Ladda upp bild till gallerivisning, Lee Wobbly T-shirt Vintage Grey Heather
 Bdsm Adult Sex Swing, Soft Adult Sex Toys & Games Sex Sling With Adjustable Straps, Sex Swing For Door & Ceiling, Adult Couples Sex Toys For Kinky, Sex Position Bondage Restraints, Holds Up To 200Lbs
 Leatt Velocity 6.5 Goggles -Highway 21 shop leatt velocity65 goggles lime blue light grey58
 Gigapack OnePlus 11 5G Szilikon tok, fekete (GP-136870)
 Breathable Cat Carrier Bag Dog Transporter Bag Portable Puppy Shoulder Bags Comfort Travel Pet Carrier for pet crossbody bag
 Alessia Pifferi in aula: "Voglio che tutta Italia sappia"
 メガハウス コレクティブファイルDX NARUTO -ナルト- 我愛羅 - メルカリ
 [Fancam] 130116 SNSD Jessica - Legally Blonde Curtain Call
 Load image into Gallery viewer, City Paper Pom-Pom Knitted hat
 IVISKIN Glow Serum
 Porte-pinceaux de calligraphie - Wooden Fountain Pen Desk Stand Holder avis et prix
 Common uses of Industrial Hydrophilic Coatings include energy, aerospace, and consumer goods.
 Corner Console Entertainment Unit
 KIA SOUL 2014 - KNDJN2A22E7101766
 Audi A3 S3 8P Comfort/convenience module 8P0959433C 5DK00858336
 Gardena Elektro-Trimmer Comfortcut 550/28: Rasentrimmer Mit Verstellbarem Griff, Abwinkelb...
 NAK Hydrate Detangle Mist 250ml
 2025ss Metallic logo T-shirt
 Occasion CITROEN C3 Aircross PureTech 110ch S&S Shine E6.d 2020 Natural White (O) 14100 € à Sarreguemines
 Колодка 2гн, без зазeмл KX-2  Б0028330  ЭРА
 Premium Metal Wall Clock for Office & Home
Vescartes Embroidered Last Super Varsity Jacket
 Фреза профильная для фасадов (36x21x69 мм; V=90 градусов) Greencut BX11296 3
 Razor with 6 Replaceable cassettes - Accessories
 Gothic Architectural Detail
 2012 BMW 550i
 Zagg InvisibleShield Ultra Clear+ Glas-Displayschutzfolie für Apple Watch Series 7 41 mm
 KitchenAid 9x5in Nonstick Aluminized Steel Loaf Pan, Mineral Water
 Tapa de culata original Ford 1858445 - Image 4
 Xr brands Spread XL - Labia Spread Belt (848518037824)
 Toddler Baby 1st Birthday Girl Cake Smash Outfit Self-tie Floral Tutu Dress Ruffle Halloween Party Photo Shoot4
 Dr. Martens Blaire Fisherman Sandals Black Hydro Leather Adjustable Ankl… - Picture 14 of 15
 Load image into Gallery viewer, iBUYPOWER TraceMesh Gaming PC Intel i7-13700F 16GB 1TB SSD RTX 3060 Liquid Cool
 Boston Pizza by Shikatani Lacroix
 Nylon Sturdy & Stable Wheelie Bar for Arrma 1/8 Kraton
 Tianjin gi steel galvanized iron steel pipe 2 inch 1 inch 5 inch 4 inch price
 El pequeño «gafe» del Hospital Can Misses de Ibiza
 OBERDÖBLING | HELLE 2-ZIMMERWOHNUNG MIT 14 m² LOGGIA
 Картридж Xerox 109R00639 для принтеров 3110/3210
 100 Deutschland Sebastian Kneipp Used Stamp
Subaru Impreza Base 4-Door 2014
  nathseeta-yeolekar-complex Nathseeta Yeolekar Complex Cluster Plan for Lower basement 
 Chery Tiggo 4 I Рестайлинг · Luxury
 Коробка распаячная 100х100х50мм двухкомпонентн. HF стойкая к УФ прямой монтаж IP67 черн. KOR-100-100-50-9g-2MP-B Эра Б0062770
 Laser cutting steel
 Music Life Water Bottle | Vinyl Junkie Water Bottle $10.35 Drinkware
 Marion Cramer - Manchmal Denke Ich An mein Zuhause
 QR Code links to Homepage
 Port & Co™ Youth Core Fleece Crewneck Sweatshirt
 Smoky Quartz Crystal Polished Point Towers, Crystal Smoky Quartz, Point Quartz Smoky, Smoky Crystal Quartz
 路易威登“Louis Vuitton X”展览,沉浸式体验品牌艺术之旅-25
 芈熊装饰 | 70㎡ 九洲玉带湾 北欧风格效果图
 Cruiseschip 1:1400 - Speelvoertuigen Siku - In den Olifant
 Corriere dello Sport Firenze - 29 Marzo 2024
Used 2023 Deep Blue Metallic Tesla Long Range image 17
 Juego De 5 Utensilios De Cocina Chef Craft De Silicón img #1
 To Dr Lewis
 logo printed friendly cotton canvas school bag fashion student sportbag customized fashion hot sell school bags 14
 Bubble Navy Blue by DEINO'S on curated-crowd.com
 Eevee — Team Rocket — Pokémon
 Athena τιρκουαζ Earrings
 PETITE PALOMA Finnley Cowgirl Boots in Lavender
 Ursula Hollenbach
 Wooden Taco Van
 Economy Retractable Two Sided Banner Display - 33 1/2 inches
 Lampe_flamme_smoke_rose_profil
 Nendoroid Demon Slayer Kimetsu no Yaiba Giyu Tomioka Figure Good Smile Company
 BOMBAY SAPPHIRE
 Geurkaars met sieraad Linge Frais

- **What you have to do**: Please give back every line of the listing exactly as it stands.

- **Solution for this problem**:
Ladda upp bild till gallerivisning, Lee Wobbly T-shirt Vintage Grey Heather
 Bdsm Adult Sex Swing, Soft Adult Sex Toys & Games Sex Sling With Adjustable Straps, Sex Swing For Door & Ceiling, Adult Couples Sex Toys For Kinky, Sex Position Bondage Restraints, Holds Up To 200Lbs
 Leatt Velocity 6.5 Goggles -Highway 21 shop leatt velocity65 goggles lime blue light grey58
 Gigapack OnePlus 11 5G Szilikon tok, fekete (GP-136870)
 Breathable Cat Carrier Bag Dog Transporter Bag Portable Puppy Shoulder Bags Comfort Travel Pet Carrier for pet crossbody bag
 Alessia Pifferi in aula: "Voglio che tutta Italia sappia"
 メガハウス コレクティブファイルDX NARUTO -ナルト- 我愛羅 - メルカリ
 [Fancam] 130116 SNSD Jessica - Legally Blonde Curtain Call
 Load image into Gallery viewer, City Paper Pom-Pom Knitted hat
 IVISKIN Glow Serum
 Porte-pinceaux de calligraphie - Wooden Fountain Pen Desk Stand Holder avis et prix
 Common uses of Industrial Hydrophilic Coatings include energy, aerospace, and consumer goods.
 Corner Console Entertainment Unit
 KIA SOUL 2014 - KNDJN2A22E7101766
 Audi A3 S3 8P Comfort/convenience module 8P0959433C 5DK00858336
 Gardena Elektro-Trimmer Comfortcut 550/28: Rasentrimmer Mit Verstellbarem Griff, Abwinkelb...
 NAK Hydrate Detangle Mist 250ml
 2025ss Metallic logo T-shirt
 Occasion CITROEN C3 Aircross PureTech 110ch S&S Shine E6.d 2020 Natural White (O) 14100 € à Sarreguemines
 Колодка 2гн, без зазeмл KX-2  Б0028330  ЭРА
 Premium Metal Wall Clock for Office & Home
Vescartes Embroidered Last Super Varsity Jacket
 Фреза профильная для фасадов (36x21x69 мм; V=90 градусов) Greencut BX11296 3
 Razor with 6 Replaceable cassettes - Accessories
 Gothic Architectural Detail
 2012 BMW 550i
 Zagg InvisibleShield Ultra Clear+ Glas-Displayschutzfolie für Apple Watch Series 7 41 mm
 KitchenAid 9x5in Nonstick Aluminized Steel Loaf Pan, Mineral Water
 Tapa de culata original Ford 1858445 - Image 4
 Xr brands Spread XL - Labia Spread Belt (848518037824)
 Toddler Baby 1st Birthday Girl Cake Smash Outfit Self-tie Floral Tutu Dress Ruffle Halloween Party Photo Shoot4
 Dr. Martens Blaire Fisherman Sandals Black Hydro Leather Adjustable Ankl… - Picture 14 of 15
 Load image into Gallery viewer, iBUYPOWER TraceMesh Gaming PC Intel i7-13700F 16GB 1TB SSD RTX 3060 Liquid Cool
 Boston Pizza by Shikatani Lacroix
 Nylon Sturdy & Stable Wheelie Bar for Arrma 1/8 Kraton
 Tianjin gi steel galvanized iron steel pipe 2 inch 1 inch 5 inch 4 inch price
 El pequeño «gafe» del Hospital Can Misses de Ibiza
 OBERDÖBLING | HELLE 2-ZIMMERWOHNUNG MIT 14 m² LOGGIA
 Картридж Xerox 109R00639 для принтеров 3110/3210
 100 Deutschland Sebastian Kneipp Used Stamp
Subaru Impreza Base 4-Door 2014
  nathseeta-yeolekar-complex Nathseeta Yeolekar Complex Cluster Plan for Lower basement 
 Chery Tiggo 4 I Рестайлинг · Luxury
 Коробка распаячная 100х100х50мм двухкомпонентн. HF стойкая к УФ прямой монтаж IP67 черн. KOR-100-100-50-9g-2MP-B Эра Б0062770
 Laser cutting steel
 Music Life Water Bottle | Vinyl Junkie Water Bottle $10.35 Drinkware
 Marion Cramer - Manchmal Denke Ich An mein Zuhause
 QR Code links to Homepage
 Port & Co™ Youth Core Fleece Crewneck Sweatshirt
 Smoky Quartz Crystal Polished Point Towers, Crystal Smoky Quartz, Point Quartz Smoky, Smoky Crystal Quartz
 路易威登“Louis Vuitton X”展览,沉浸式体验品牌艺术之旅-25
 芈熊装饰 | 70㎡ 九洲玉带湾 北欧风格效果图
 Cruiseschip 1:1400 - Speelvoertuigen Siku - In den Olifant
 Corriere dello Sport Firenze - 29 Marzo 2024
Used 2023 Deep Blue Metallic Tesla Long Range image 17
 Juego De 5 Utensilios De Cocina Chef Craft De Silicón img #1
 To Dr Lewis
 logo printed friendly cotton canvas school bag fashion student sportbag customized fashion hot sell school bags 14
 Bubble Navy Blue by DEINO'S on curated-crowd.com
 Eevee — Team Rocket — Pokémon
 Athena τιρκουαζ Earrings
 PETITE PALOMA Finnley Cowgirl Boots in Lavender
 Ursula Hollenbach
 Wooden Taco Van
 Economy Retractable Two Sided Banner Display - 33 1/2 inches
 Lampe_flamme_smoke_rose_profil
 Nendoroid Demon Slayer Kimetsu no Yaiba Giyu Tomioka Figure Good Smile Company
 BOMBAY SAPPHIRE
 Geurkaars met sieraad Linge Frais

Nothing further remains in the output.